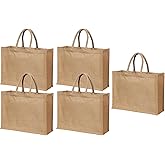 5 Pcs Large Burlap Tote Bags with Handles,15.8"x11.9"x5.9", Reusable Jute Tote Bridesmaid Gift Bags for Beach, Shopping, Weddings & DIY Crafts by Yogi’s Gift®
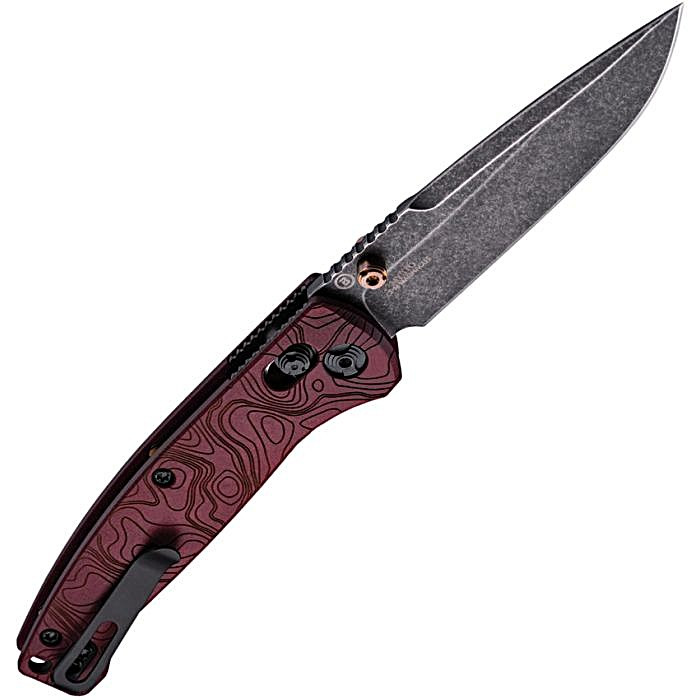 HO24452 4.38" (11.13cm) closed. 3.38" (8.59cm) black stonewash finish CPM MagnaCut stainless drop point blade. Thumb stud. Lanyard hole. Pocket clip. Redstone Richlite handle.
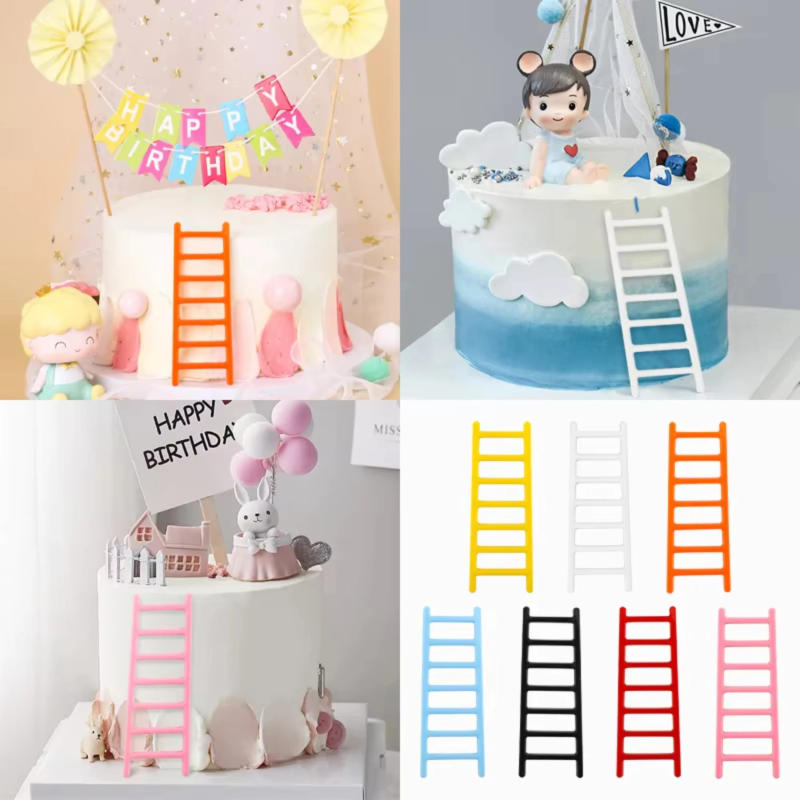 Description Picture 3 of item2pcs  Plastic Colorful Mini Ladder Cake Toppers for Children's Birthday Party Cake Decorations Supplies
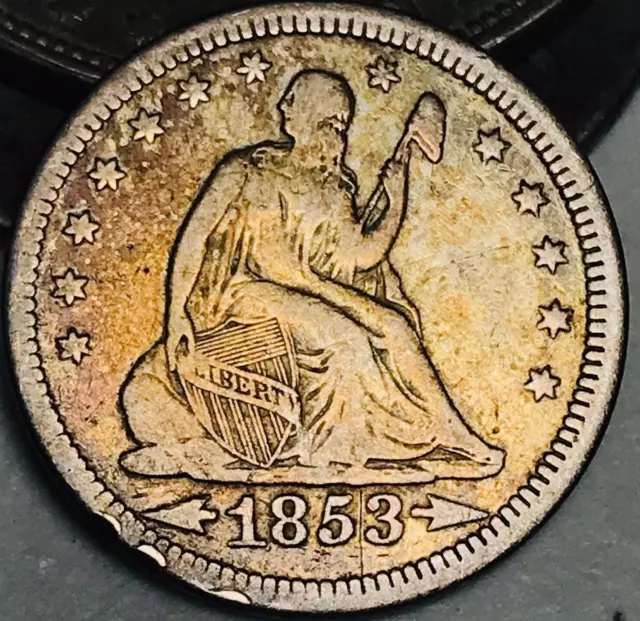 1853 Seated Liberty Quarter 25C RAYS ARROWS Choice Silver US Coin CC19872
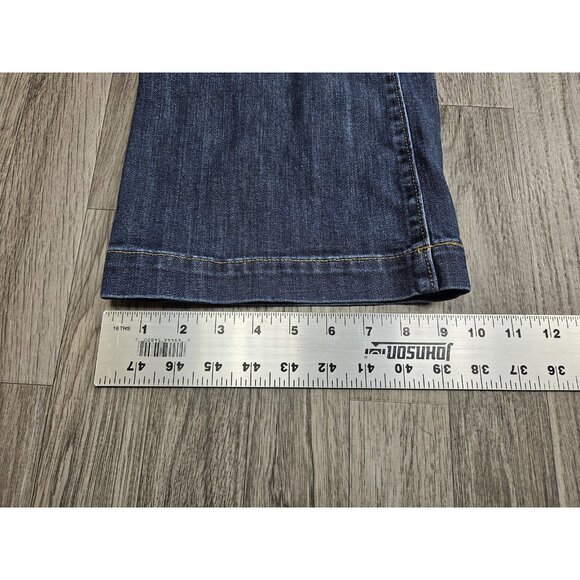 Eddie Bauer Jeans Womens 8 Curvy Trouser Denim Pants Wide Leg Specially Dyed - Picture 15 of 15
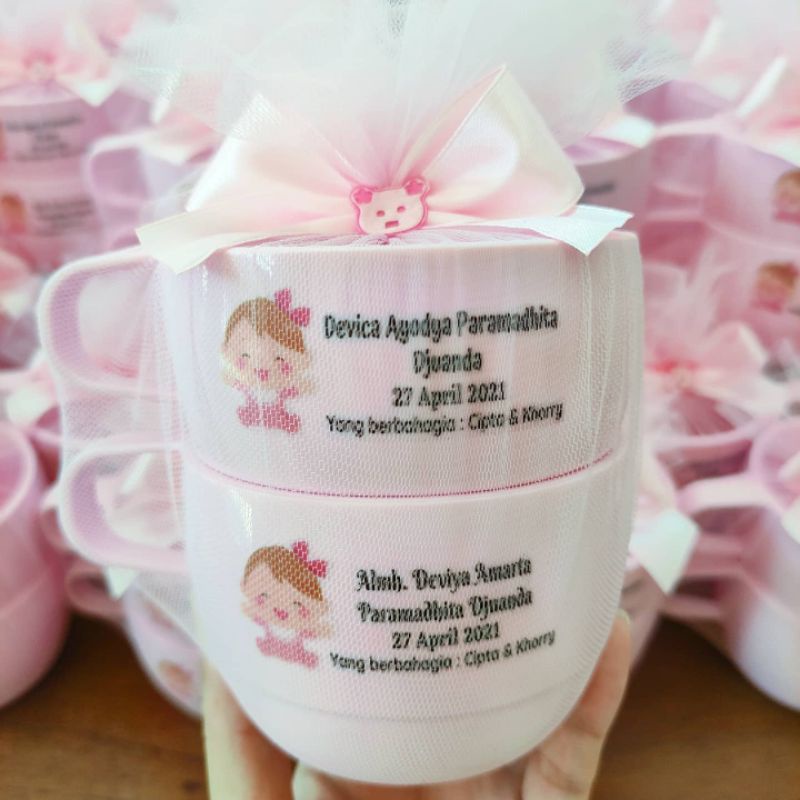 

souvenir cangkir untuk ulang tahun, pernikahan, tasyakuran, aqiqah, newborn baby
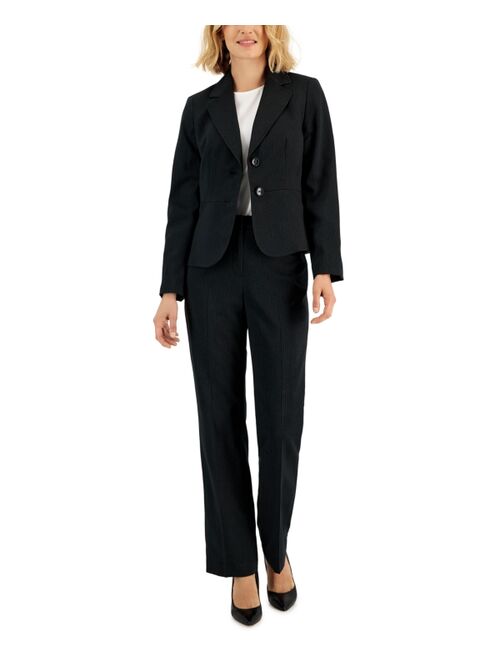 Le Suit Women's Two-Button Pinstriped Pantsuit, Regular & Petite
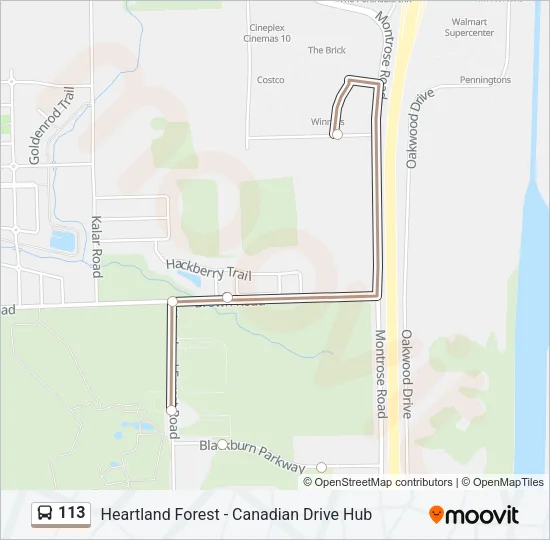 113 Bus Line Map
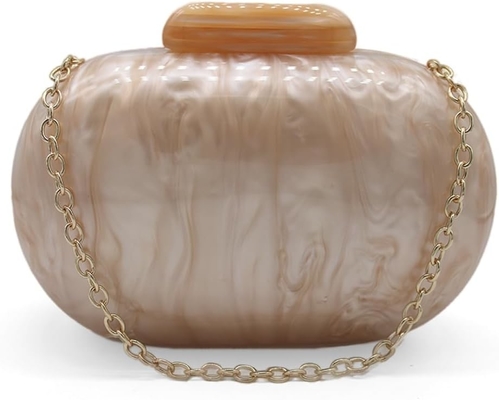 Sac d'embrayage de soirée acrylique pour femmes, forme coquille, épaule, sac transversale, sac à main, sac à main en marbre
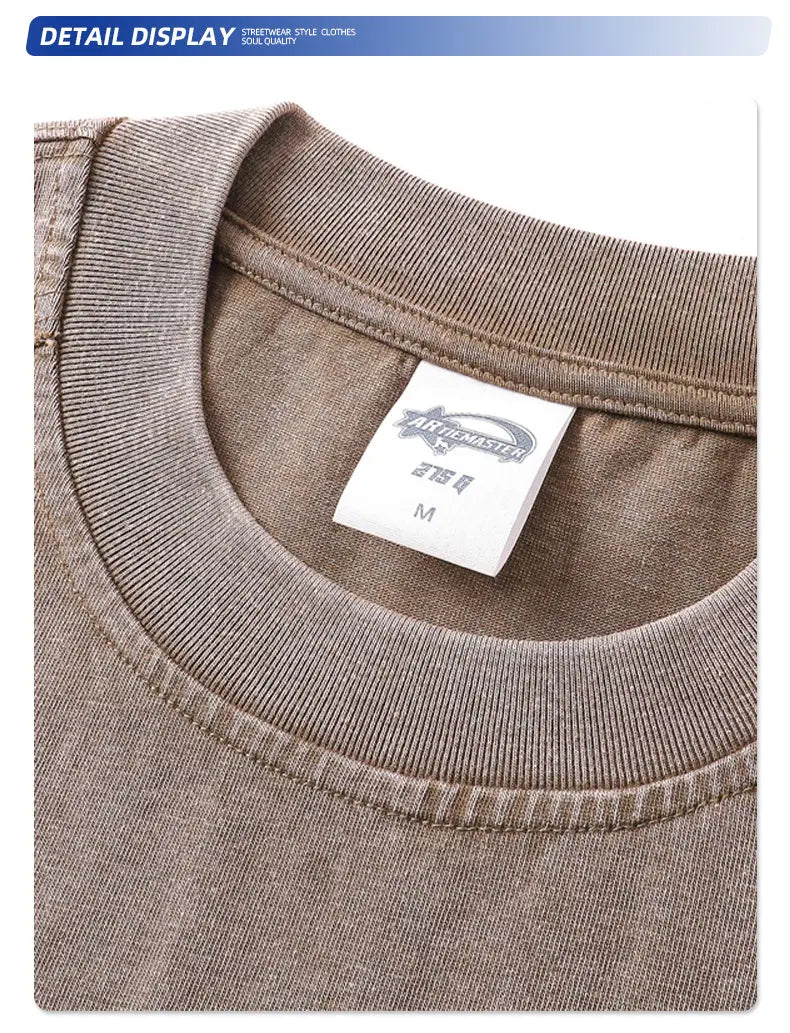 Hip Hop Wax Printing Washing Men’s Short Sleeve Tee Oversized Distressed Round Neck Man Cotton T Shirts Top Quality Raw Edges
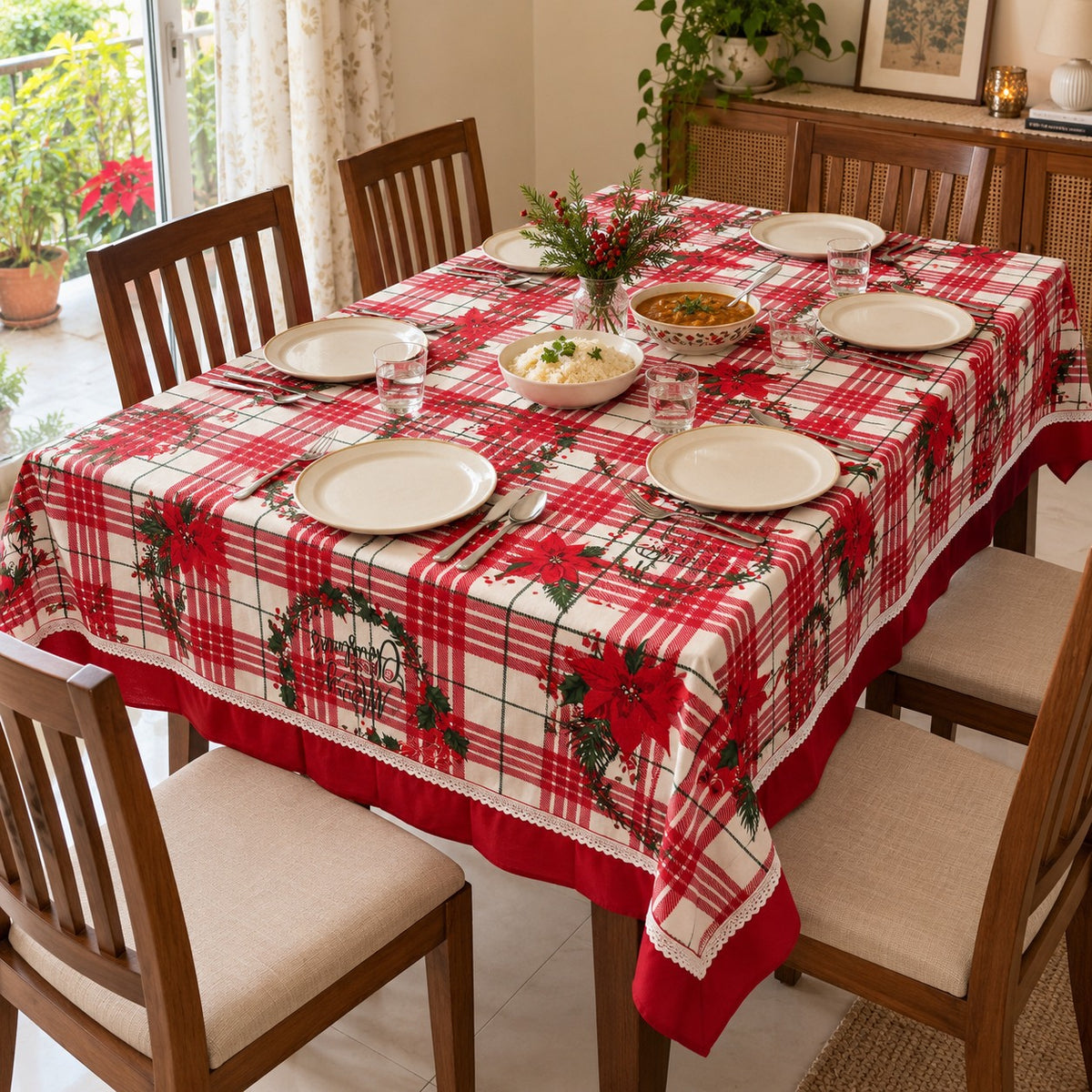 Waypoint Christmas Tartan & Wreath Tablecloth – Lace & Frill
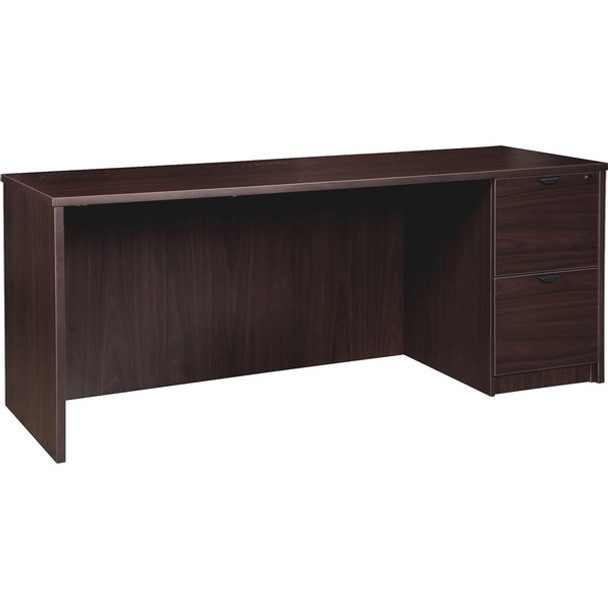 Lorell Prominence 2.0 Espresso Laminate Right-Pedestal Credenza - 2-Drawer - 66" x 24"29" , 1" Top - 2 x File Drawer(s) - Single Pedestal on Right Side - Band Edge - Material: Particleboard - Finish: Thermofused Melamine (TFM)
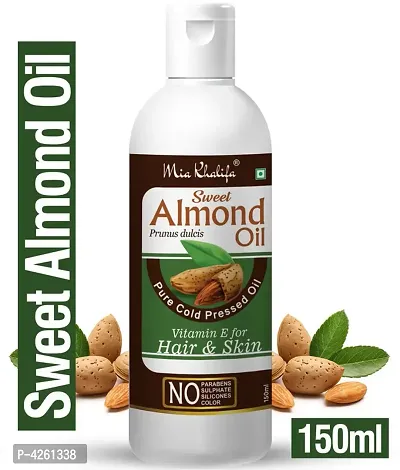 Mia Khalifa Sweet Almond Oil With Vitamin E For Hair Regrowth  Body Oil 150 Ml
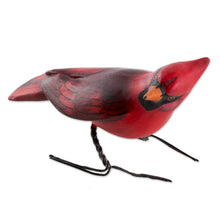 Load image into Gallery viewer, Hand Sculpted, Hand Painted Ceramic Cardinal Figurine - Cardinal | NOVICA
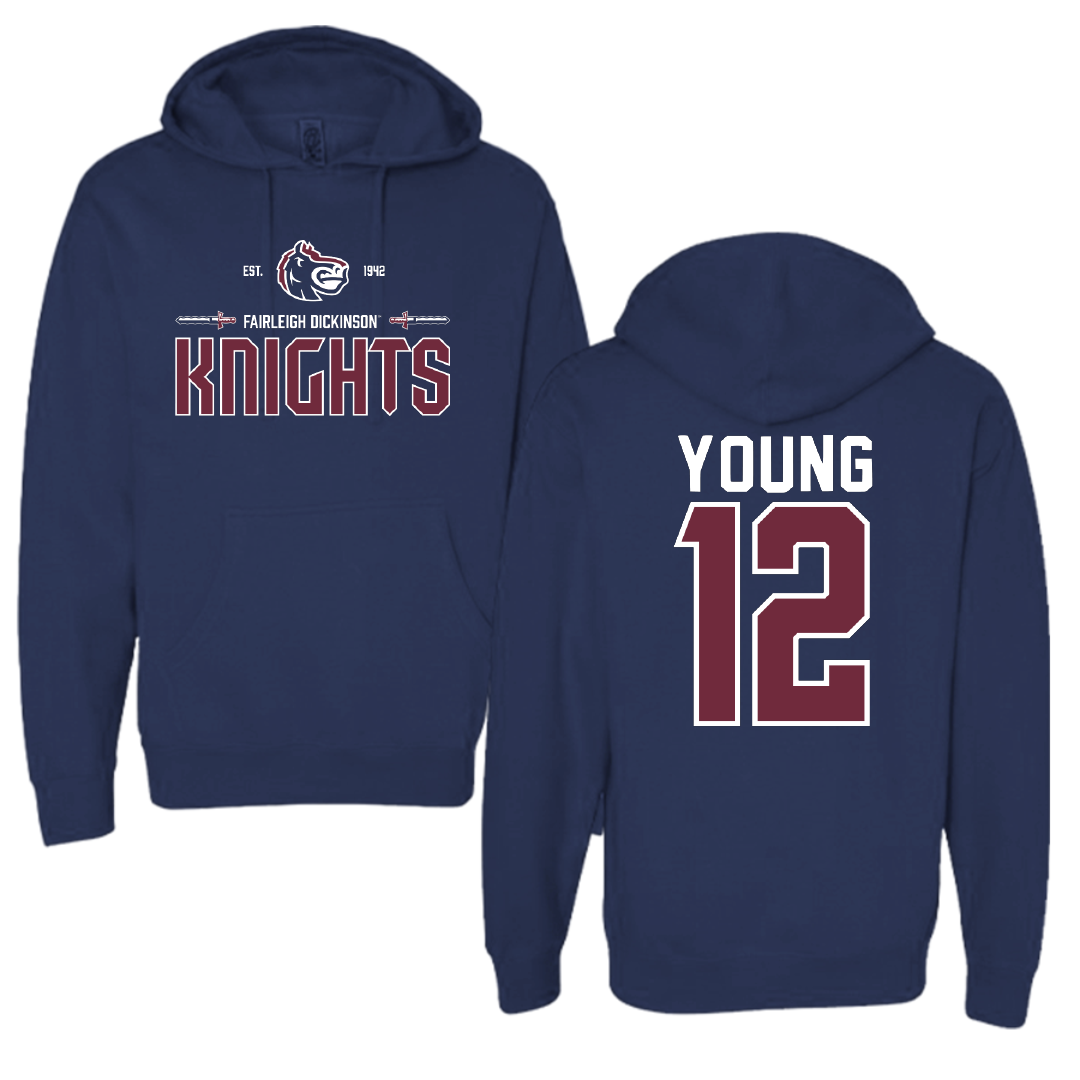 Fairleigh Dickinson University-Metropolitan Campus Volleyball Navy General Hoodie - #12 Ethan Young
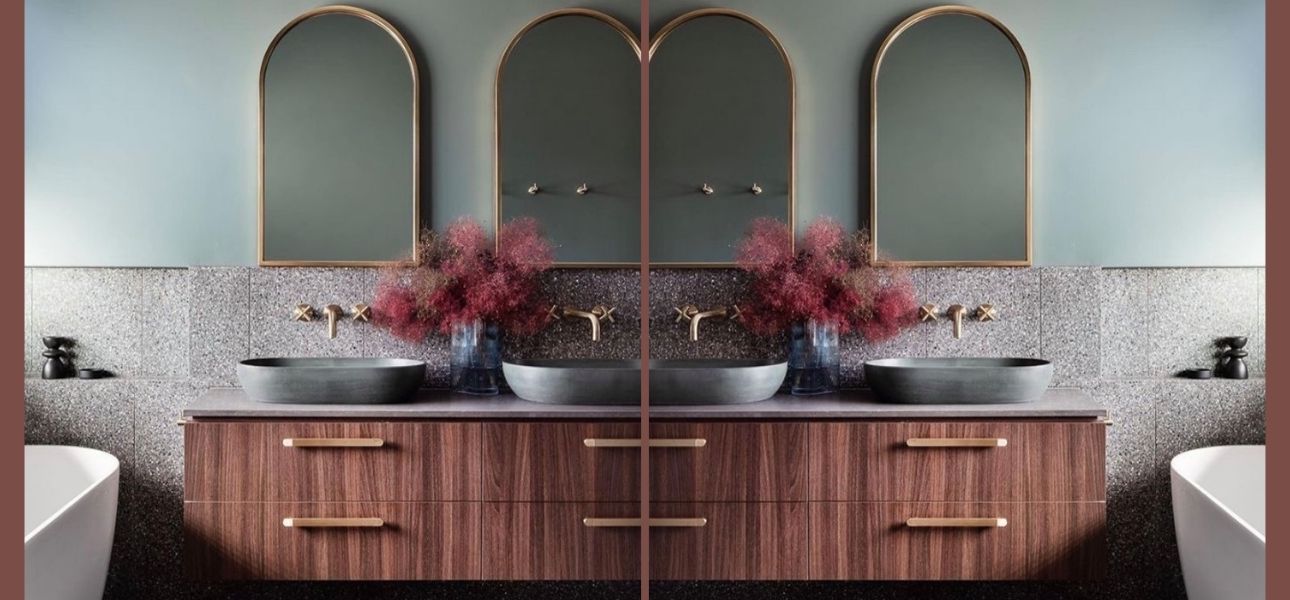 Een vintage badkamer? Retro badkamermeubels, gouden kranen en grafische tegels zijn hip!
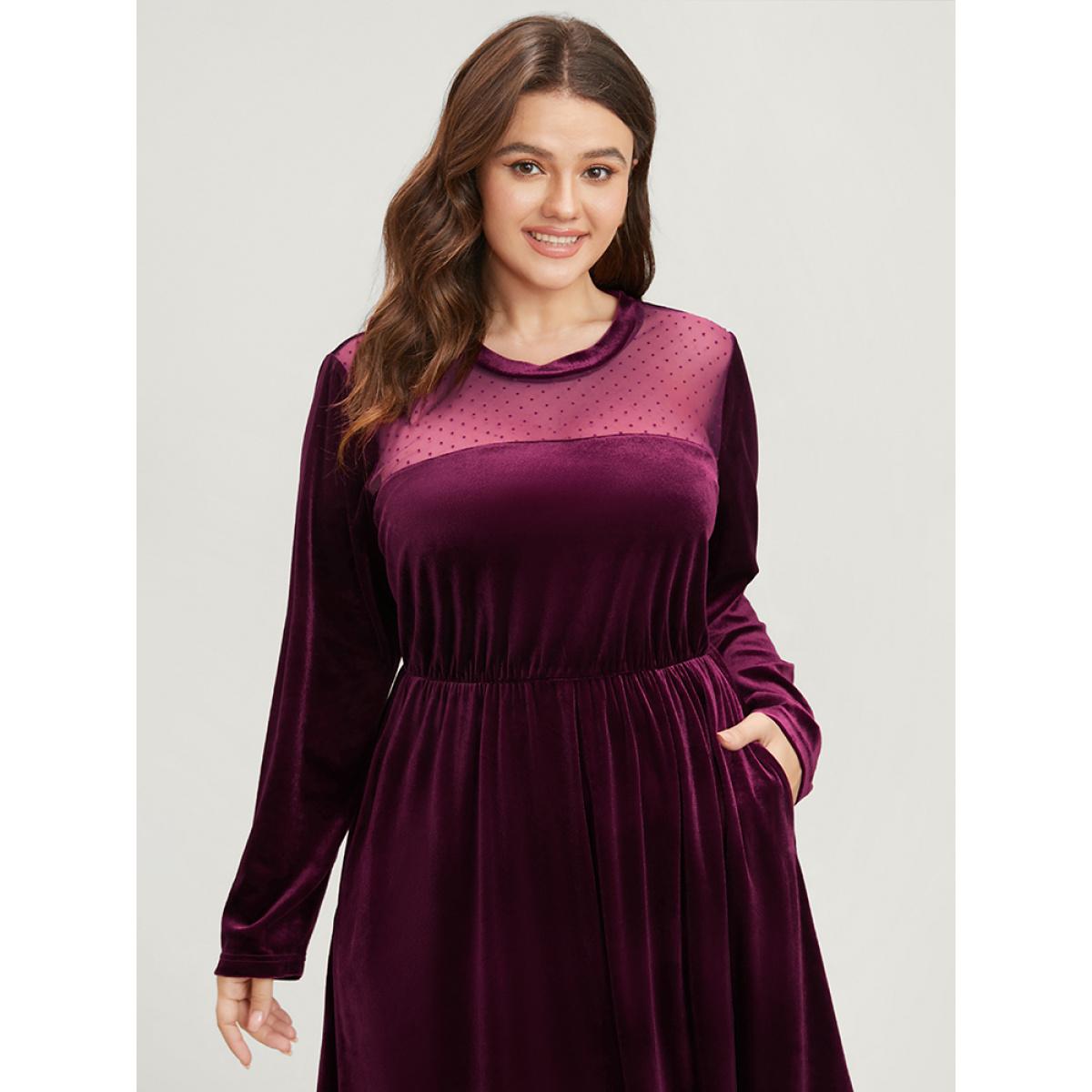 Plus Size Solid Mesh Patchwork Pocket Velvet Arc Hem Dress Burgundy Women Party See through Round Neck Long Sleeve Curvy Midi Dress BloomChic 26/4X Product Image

--

*TASK TO CARRY OUT*
In the listing above, find the line with "Sac d'embrayage de" and the line with "Waypoint Christmas Tartan". Set down exactly those lines and everything between them, skipping pictures.

*RESPONSE BELOW*
 Sac d'embrayage de soirée acrylique pour femmes, forme coquille, épaule, sac transversale, sac à main, sac à main en marbre
 Hip Hop Wax Printing Washing Men’s Short Sleeve Tee Oversized Distressed Round Neck Man Cotton T Shirts Top Quality Raw Edges
 Waypoint Christmas Tartan & Wreath Tablecloth – Lace & Frill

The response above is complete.